The Department of Revenue issued Regulation 12 CSR 10-3.224, which stated, in part:

“Effective date for a motor vehicle leasing company is the date the permit is issued.”

This construction of the statute was further clarified in the Department’s operational procedures guidelines, which stated, in part:

“HI. TITLING AND LICENSING OF ACQUIRED VEHICLES — PROCEDURE
“A. Date of Acquisition of Vehicle
“Any Company which acquires a motor vehicle or over-the-road trailer prior to January 1, 1976, OR prior to the date Company is issued a Permit, must make application for title and/or license and remit applicable taxes and license fees to the Motor Vehicle Bureau, or agent thereof. Vehicles acquired after the Permit is issued must also be titled and/or licensed; however, there is an exemption for payment of applicable taxes at the time of registration (titling).” (Emphasis supplied.)

Appellant argues that this administrative construction is contrary to the statute and beyond the authority of the Director. Appellant’s reliance is primarily upon the language of Section 144.070(5): “Any company approved by the director of revenue may pay the tax on any motor vehicle or trailer as required in Section 144.020 at the time of registration thereof or in lieu thereof may pay a sales tax as provided in Sections 144.010, 144.020, 144.070 and 144.440.” Appellant argues that, under this language, the leasing company is required only to have acquired its permit before applying for registration of the vehicles which it proposes to lease or rent. Appellant relies upon the rule that taxing statutes are to be construed strictly against the taxing authority and in favor of the taxpayer.

The construction of the statute by the Department does have reasonable support in the language of the statute, read as a whole. Subparagraph 1 of Section 144.-070 emphasizes the time of acquisition of a motor vehicle as being determinative of sales tax liability. The provisions for qualifying as a leasing company and permitting special handling of such an approved company’s sales tax obligation were appended to subparagraph 1. In this case, at the time of acquisition of the vehicles, appellant had not been recognized as a leasing company so that it could not, as required by Section 144.070 1., state in its application for title that “no sales tax was incurred in its [the motor vehicles’] acquisition * *

The language of subparagraph 1 of Section 144.070 is consistent with the general tenor of the sales tax law which makes the transaction between a seller and a purchaser the taxable event. § 144.020. Although the sales tax is no longer a “transaction” tax, the seller’s tax liability is measured by his receipts from taxable transactions with purchasers. In State ex rel. Conservation Commission v. LePage, 566 S.W.2d 208 (Mo. banc 1978), the court held that the special procedure for payment of the motor vehicle sales tax did not produce a different tax, levied upon the purchaser, and that the motor vehicle sales tax “ * * * remains a tax, like the rest of the Sales Tax Law, upon gross receipts of the seller for the privilege of selling, with a different manner of collection and enforcement than is uti*262lized for the rest of the Sales Tax Law.” 566 S.W.2d 212[5].

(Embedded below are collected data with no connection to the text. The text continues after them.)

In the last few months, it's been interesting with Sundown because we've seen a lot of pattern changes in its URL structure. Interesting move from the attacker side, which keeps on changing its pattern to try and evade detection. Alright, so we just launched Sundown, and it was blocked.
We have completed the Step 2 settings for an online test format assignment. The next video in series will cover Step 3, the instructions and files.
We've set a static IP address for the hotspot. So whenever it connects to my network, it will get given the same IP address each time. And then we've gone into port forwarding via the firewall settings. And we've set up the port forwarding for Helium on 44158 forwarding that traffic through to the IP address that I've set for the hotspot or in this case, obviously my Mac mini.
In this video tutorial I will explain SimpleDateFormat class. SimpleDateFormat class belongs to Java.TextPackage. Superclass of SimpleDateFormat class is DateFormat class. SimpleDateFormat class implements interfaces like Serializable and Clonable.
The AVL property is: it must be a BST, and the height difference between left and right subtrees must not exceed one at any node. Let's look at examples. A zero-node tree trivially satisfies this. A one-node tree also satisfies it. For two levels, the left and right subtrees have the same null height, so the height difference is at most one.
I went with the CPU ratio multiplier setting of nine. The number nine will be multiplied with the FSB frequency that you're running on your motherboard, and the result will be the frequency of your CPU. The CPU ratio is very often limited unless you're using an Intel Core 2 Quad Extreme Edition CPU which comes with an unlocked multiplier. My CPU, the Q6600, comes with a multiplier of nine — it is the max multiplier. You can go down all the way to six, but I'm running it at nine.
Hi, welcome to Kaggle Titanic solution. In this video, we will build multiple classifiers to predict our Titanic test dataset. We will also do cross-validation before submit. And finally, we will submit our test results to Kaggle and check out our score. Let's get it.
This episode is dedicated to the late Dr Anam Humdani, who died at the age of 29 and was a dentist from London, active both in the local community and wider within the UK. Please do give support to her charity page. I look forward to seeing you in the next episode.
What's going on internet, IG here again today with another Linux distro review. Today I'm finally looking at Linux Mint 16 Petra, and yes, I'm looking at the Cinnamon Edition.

The language relied upon by appellant refers merely to the time of payment of the sales tax liability on the transaction and does not permit the purchaser to avoid a previously accrued tax liability which arose upon acquisition of the vehicle.

The Director of Revenue properly refused to issue the titles and registrations of the vehicles here involved unless the sales tax which accrued on their acquisition had been paid.

Appellant makes two further points, but both are premised upon the right of appellant to elect the alternative method of payment of sales tax. In view of the conclusion that appellant was not entitled to such an election, its further points need not be considered.

Judgment affirmed.

PER CURIAM:

The foregoing opinion by WELBORN, C., is adopted as the opinion of the court.

All of the Judges concur.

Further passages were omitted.